2013-2014 Postdoctoral Fellow
Dr. Matt Buehler
Dr. Matt Buehler holds degrees in government from the University of Texas at Austin (Ph.D. and M.A.) and Willamette University (B.A.). In Fall 2014, he began a tenure-track position at the University of Tennessee’s Department of Political Science. Dr. Buehler’s research area is comparative politics with expertise in the Middle East. He has been traveling to the region since 2006, completing over three years of fieldwork and Arabic training in North Africa, Syria, and the Persian Gulf. His main research interests include democratization, authoritarianism, the Arab Spring, Islamist movements, North African political parties, and Moroccan politics.

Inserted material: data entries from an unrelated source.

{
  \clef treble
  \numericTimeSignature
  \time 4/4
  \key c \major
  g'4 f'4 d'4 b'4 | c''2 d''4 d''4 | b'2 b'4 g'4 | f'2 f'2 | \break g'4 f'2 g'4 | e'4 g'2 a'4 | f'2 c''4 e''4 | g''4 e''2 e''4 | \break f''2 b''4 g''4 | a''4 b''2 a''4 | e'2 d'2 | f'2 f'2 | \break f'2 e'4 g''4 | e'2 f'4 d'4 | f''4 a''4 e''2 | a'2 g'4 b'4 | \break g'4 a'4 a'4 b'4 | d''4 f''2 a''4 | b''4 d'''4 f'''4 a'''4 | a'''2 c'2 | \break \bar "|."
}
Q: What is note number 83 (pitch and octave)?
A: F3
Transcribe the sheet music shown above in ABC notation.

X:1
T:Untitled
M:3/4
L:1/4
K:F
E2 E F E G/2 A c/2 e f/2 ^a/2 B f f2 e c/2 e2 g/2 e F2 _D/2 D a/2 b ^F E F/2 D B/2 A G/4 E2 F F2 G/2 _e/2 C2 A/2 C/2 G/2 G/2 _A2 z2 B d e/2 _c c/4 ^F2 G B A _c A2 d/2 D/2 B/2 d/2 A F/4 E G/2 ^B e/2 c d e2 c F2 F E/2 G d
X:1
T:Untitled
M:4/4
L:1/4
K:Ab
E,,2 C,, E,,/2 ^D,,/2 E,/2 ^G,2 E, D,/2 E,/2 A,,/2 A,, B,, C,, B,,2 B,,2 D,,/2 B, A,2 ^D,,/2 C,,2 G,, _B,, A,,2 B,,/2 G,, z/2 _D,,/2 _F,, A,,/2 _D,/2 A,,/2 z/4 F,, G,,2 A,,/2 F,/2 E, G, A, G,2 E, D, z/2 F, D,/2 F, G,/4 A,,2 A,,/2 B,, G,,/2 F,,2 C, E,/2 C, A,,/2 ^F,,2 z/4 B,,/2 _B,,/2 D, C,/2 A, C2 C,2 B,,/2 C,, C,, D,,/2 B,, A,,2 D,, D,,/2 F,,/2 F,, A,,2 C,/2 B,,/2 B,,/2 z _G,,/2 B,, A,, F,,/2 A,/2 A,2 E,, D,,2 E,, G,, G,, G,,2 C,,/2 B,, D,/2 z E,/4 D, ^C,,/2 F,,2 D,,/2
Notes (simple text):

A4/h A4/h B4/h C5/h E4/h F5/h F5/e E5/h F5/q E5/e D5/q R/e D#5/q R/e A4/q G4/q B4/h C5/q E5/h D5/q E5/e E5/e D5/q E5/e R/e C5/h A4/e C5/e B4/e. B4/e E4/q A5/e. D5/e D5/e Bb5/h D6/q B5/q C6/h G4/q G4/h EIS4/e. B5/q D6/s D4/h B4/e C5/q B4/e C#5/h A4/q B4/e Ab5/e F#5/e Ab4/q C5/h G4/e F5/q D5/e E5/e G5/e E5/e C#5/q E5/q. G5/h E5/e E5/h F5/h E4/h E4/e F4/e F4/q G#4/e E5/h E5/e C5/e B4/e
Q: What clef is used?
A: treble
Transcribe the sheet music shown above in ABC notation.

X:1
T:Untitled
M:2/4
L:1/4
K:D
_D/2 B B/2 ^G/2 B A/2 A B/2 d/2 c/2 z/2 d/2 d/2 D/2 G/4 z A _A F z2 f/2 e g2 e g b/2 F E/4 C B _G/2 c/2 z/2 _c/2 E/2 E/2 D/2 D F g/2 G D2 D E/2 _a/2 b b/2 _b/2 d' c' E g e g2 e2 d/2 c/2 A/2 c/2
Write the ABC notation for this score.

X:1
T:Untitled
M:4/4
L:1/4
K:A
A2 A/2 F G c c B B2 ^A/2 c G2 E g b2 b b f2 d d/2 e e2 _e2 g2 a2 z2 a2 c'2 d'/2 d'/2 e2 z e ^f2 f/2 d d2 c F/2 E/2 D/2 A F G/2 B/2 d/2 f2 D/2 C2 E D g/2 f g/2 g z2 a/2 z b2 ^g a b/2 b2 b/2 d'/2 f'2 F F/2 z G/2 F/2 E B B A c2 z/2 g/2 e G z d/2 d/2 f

While posted at the Center for International and Regional Studies, Dr. Buehler aimed to complete his book project, entitled “the Social Base of Divide-and-Rule: Left-Islamist Opposition Alliances in North Africa’s Arab Spring.” This project examines the success and failure of opposition coordination between Islamists and leftists, drawing on original interviews, archival research, and statistical data from Tunisia, Morocco, and Mauritania. Work from this project has been published in the Journal of Terrorism and Political Violence and Middle East Law and Governance. Dr. Buehler’s publications can be downloaded below:
- “The Threat to ‘Un-Moderate’: Moroccan Islamists and the Arab Spring,” Journal of Middle East Law and Governance 5(2003): 1 27
- “Safety-Valve Elections and the Arab Spring: The Weakening (and Resurgence) of Morocco’s Islamist Opposition Party,” Journal of Terrorism and Political Violence 25 (2013), 137-156.